Walmart, the largest retailer in the world, plans to open 150 new stores, including converting some smaller locations into supercenters, over the next five years, the company said Wednesday.
Over the next 12 months, the Bentonville, Ark.-based retailer said it will also remodel 650 stores with “improved layouts” as part of a $500 million investment announced last year to modernize the big-box chain’s 4,700 US outposts.
Walmart’s investment in brick-and-mortar locations marks a pivot after the company began slowing new store openings in 2016 to compete with online giant Amazon, according to a Wall Street Journal report.
“Walmart gained a decent amount of market share over the past couple of years, especially as inflation raged and they got a higher-end customer,” Edward Jones analyst Brian Yarbrough said.
The company hasn’t opened a new store since 2021 — when it added locations in Miami, Ceres, Calif., and Yaphank, NY, a spokesman told The Post on Wednesday.
Despite a rash of store closures in big cities, including Target’s headline-making announcement in September that it was closing nine stores because of retail crime, in-store shopping is making a comeback.
Walmart said the first two remodeled stores, both Neighborhood Markets, are set to open this spring in Atlanta and Santa Rosa Beach, Fla.
The company said it is also finalizing construction plans on 12 new projects that will start this year, including converting one of its smaller stores into a supercenter.

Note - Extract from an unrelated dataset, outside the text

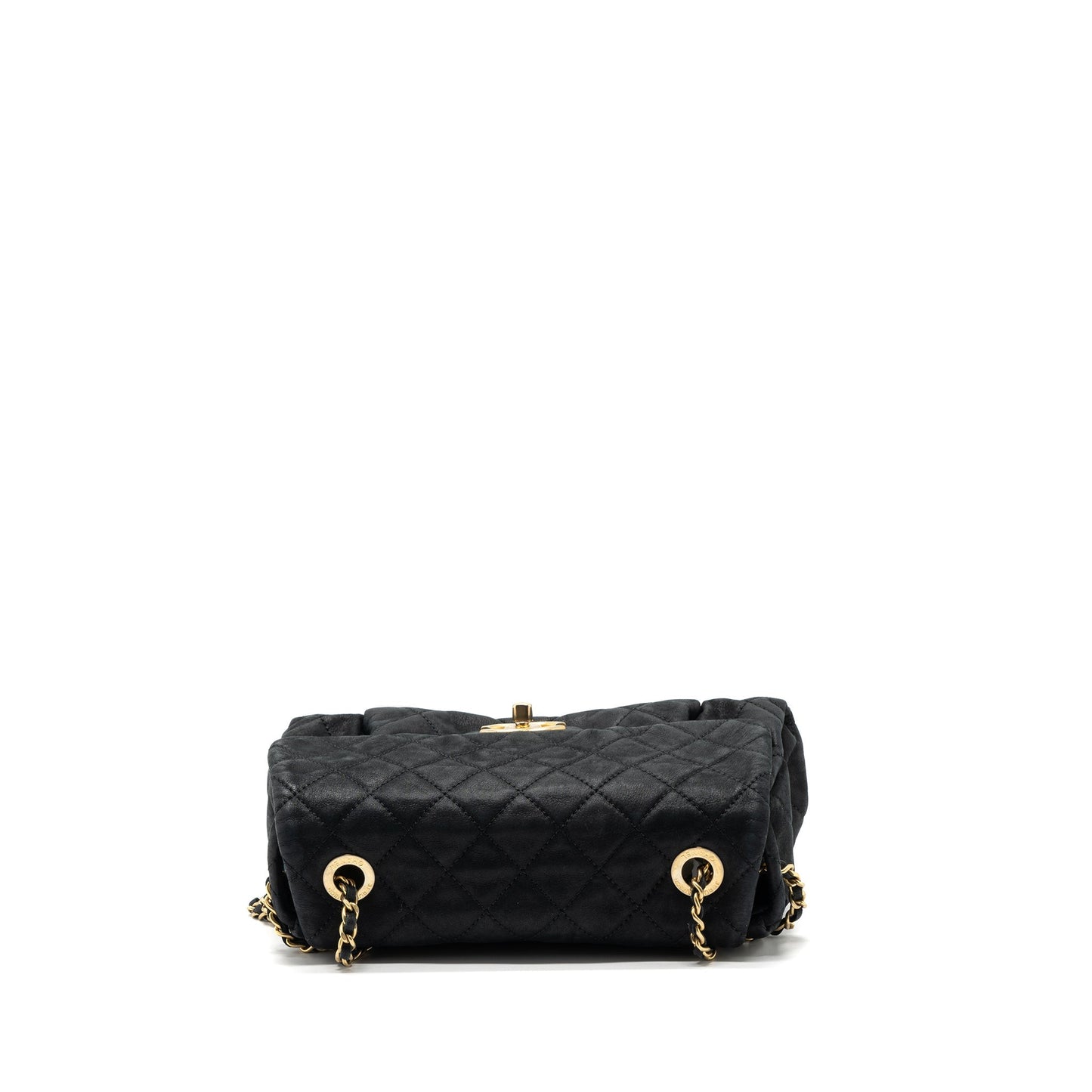 Chanel quilted seasonal flap bag Calfskin Iridescent black with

“Consumers are still interested in coming to stores,” Yarbrough said. “And when stores are remodeled, retailers can see a nice sales lift of up to 8% at those locations.”
Nationwide, store openings exceeded closures in 2022 and 2023, according to Coresight Research.
Target opened 21 new stores last year, the company said last week in a statement, adding that “we’ve set an ambitious pace moving into 2024.”
Target said it will be opening more large format stores as well, but it didn’t disclose how many. It also remodeled over 160 stores last year, the Minneapolis, Minn.-based company said.